#### Task data ####
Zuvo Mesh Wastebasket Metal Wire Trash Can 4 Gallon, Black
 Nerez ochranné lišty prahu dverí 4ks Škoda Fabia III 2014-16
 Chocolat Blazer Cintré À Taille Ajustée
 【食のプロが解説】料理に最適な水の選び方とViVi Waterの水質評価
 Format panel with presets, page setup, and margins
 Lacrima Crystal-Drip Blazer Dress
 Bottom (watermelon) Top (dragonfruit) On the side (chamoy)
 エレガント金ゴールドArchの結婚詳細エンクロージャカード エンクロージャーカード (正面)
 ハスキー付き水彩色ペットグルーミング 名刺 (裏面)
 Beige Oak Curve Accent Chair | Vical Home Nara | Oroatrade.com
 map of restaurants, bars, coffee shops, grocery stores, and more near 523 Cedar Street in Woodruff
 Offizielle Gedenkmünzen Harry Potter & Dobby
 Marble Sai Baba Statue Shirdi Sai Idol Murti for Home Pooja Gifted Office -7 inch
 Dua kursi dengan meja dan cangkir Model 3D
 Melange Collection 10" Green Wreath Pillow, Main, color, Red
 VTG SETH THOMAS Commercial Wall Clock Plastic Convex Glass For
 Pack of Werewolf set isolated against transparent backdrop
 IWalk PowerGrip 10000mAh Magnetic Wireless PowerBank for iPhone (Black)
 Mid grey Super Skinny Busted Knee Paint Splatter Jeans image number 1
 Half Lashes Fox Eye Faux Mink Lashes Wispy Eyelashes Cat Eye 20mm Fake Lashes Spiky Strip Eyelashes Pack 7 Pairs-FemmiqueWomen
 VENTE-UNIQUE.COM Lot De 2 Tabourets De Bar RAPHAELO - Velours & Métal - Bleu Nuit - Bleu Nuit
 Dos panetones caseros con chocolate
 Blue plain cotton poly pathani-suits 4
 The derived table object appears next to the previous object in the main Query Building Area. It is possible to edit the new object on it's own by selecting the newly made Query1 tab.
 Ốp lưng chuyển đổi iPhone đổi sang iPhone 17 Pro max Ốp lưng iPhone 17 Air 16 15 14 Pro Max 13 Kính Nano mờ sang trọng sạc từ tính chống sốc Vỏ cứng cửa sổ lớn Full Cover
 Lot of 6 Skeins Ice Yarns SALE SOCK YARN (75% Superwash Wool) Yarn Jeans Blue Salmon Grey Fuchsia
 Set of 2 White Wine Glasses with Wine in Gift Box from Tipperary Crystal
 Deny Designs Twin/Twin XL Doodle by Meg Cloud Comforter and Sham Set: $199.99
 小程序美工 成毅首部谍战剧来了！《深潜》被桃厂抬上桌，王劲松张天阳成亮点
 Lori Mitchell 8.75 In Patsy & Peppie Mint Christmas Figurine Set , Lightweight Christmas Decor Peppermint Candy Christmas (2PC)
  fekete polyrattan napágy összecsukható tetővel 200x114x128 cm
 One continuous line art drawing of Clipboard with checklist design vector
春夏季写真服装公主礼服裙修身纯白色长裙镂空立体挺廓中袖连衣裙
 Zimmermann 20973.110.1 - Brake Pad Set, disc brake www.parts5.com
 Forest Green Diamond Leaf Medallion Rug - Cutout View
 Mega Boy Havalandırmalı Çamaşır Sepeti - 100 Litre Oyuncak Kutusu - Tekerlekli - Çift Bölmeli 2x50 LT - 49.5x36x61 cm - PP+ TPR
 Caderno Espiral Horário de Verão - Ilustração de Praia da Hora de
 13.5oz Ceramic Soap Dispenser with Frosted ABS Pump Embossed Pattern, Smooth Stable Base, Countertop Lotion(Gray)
####
* Exercise directions
Among the entries above, the line containing "Nerez ochranné lišty", the line containing "Offizielle Gedenkmünzen Harry Potter & Dobby", and all lines between them are to be restated word for word; nothing else belongs in the reply.

* Response to this exercise
 Nerez ochranné lišty prahu dverí 4ks Škoda Fabia III 2014-16
 Chocolat Blazer Cintré À Taille Ajustée
 【食のプロが解説】料理に最適な水の選び方とViVi Waterの水質評価
 Format panel with presets, page setup, and margins
 Lacrima Crystal-Drip Blazer Dress
 Bottom (watermelon) Top (dragonfruit) On the side (chamoy)
 エレガント金ゴールドArchの結婚詳細エンクロージャカード エンクロージャーカード (正面)
 ハスキー付き水彩色ペットグルーミング 名刺 (裏面)
 Beige Oak Curve Accent Chair | Vical Home Nara | Oroatrade.com
 map of restaurants, bars, coffee shops, grocery stores, and more near 523 Cedar Street in Woodruff
 Offizielle Gedenkmünzen Harry Potter & Dobby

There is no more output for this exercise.